Antibody responses against PRRSV-2. (A) Detection of PRRSV N-specific Abs in serum at 0, 20 and 38 dpv was performed with a commercial ELISA test. The positive threshold is indicated with a horizontal dashed line. (B) PRRSV-specific Ab titers were measured in the sera of PRRS-immunized pigs at 0, 20 and 38 dpv with an in-house ELISA test. (C) Virus neutralizing Ab titers in the serum of PRRS-vaccinated pig at 0, 20 and 38 are shown. Sera from PRRSV-2 infected pigs from an unrelated study were used as positive controls (red symbols). Each pig serum is shown as a symbol within the indicated group (n = 6 per group) and the mean ± SD is represented. Starting dilution is indicated with dashed line. The comparison between the percentage positivity values or Ab titers measured at 20 and 38 dpv versus at 0 dpv for each vaccinated group were performed using the Wilcoxon test. Comparisons between groups were made using the Mann-Whitney test. Asterisks indicate significant differences (*p < 0.05; **p < 0.01). nd, not determined.

Figure 4

PRRSV-2-specific T cell responses in PBMC. PBMC isolated at 0, 20 and 38 dpv were restimulated in vitro for 18h with PRRSV-2 (MOI 0.1) or cultured with medium. Intracellular staining of IFN-γ, TNF, IL-2, was performed and frequencies of IFN-γ, TNF and IL-2 producing CD4⁺ (A) and CD8β⁺ (B) T cells were analyzed. The corrected frequencies values are shown (percentage of cytokine-producing cells subtracted with medium only).
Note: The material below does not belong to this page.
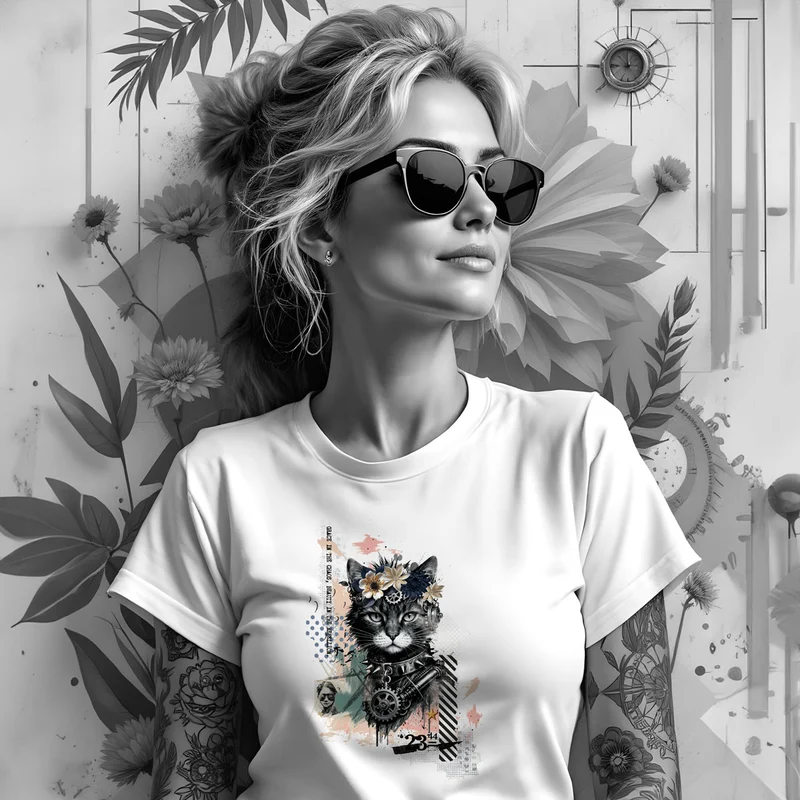 Bügelbild Cat Grace | Steampunk Animals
Data for individual pigs and the group mean ± SD are displayed (n = 5-6 per group). The Wilcoxon test was used to compare the T cell responses at day 0 and 20 dpv within the same group. Comparisons between 2 groups were performed using Mann-Whitney test. nd: not determined.

Figure 5

PRRSV-2-specific T cell responses in bronchoalveolar lavage. Cells isolated from BAL at 5 dpc were restimulated with PRRSV-2 (MOI 0.1) or cultured with medium. (A) Frequency of IFN-γ-, TNF- and IL-2-producing CD4⁺ and CD8β⁺ T cells are shown. (B) Frequency of IFN-γ-, TNF- and IL-17-producing CD2⁺ and CD2^- γδ T cells are represented. The corrected frequencies (percentage of cytokine-producing cells subtracted with medium only) of each individual pig and the group mean ± SD are displayed (n = 5-6 per group). Comparisons between groups were made using Mann-Whitney test. Asterisk indicates significant difference (*p < 0.05).

Figure 6

H3N2-specific T cell responses in bronchoalveolar lavage. Cells isolated from BALF at 5 dpc were restimulated with swIAV H3N2 (MOI 0.1) or cultured with medium. Cytokine secretion measured in CD4⁺ and CD8β⁺ (A), and CD2⁺ and CD2^- γδ (B) T cells are represented. Corrected frequencies of individual value and the mean ± SD are displayed (n = 5-6 per group). Comparisons between 2 groups were made using the Mann-Whitney test.

Figure 7

Gene expression in lung tissues. Total RNA was extracted from lung tissue collected at 5 dpc and the relative mRNA expression of IFN-α, IFN-γ, TNF, IL-12p40, IL-4, IL-6, IL-21, IL-10, TGF-β and CXCL-13 was assessed by qRT-PCR. Fold changes are shown over naïve group (dash line) after normalization with GAPDH and RPS24 genes. Individual pig values and the group mean ± SD are displayed (n = 5-6 per group). Comparisons were made using Kruskal-Wallis test and asterisks indicate significant differences (*p < 0.05).